Confirming this is the fact that the special envoy from Qatar transited through Hargeisa, the capital of the self-declared Republic of Somaliland, meeting its President Muse Bihi Abdi, although neither Somalia nor the international community recognizes the existence of this state. Doha is doing everything to legitimize the Republic of Somaliland to further weaken the Somali government and spread chaos in the region to pursue its economic and strategic interests. In this regard, it should be remembered that Somalia has already expressed its refusal to participate in the foreign relations between two African states.
According to statements released by Somaliland, President Bihi discussed the establishment of bilateral ties with Al-Qahtani and the opening of an official Qatari diplomatic mission on its territory. In addition, the two sides debated on a plan by Qatar Charity to also open an office in Somaliland. The charitable organization is suspected of supporting terrorist operations in several countries where it is active, such as in Syria and Iraq. Furthermore, the Qatar Charity is present in the Gaza Strip, in those areas controlled by Hamas and Hezbollah.
Qatar’s Ambassador to Somalia, Hassan bin Hamza Hashem, is part of the Qatari delegation that was in Somaliland. The New York Times had already revealed in July 2019 the involvement of the Qatari diplomat in two suicide attacks carried out by Al-Shabab in Mogadishu, publishing the audio recording in which Mr.

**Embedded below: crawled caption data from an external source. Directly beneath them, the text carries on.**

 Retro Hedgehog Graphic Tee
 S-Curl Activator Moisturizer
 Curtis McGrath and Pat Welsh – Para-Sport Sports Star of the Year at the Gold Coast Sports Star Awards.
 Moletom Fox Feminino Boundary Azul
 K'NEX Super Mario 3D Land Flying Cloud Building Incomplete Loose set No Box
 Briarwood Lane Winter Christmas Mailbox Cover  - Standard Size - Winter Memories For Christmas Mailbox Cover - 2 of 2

Al-Mahanadi, a businessman close to the emir, Qatar’s ruler, Sheikh Tamim bin Hamad al-Thani, stated: “Our friends were behind the last bombings,” referring to the terrorist group.

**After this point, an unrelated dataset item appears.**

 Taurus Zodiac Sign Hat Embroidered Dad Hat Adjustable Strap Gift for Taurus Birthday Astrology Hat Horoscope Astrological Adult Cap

According to local media reports, upon arrival in Mogadishu, Al-Qahtani met with President Mohamed Abdullahi Farmaajo at Villa Somalia. The Director of the National Intelligence and Security Agency (NISA) also attended the meeting. The security agency is already known for its infiltrations and contacts with local terrorist groups. In 2016, a court convicted Abdiweli Mohamed Maow, the head of Mogadishu airport security, for helping to smuggle a laptop computer bomb onto an outbound flight. The bomb exploded 15 minutes after its departure but miraculously failed to bring down the plane, which safely returned to the Mogadishu airport. According to “VOA news,” a NISA top official, Abdisalam Mohamed Hassan, was found guilty in 2014 of providing photos of agents and other identifying data to al-Shabab in exchange for money.
General Abdirahman Mohamed Turyare, a former director of NISA, confirmed that constant changes in security agency positions have made it hard to counter the al-Shabab moles in the Government. Doha would be facilitating this. While on the one hand, Qatar claims to support the elections in Somalia, at the same time, its envoy flirts with terrorist groups so that there are no necessary conditions for voting. An interference denounced by civil society and by the opponents of Farmajo, historic-ally of Qatar, within the country and abroad.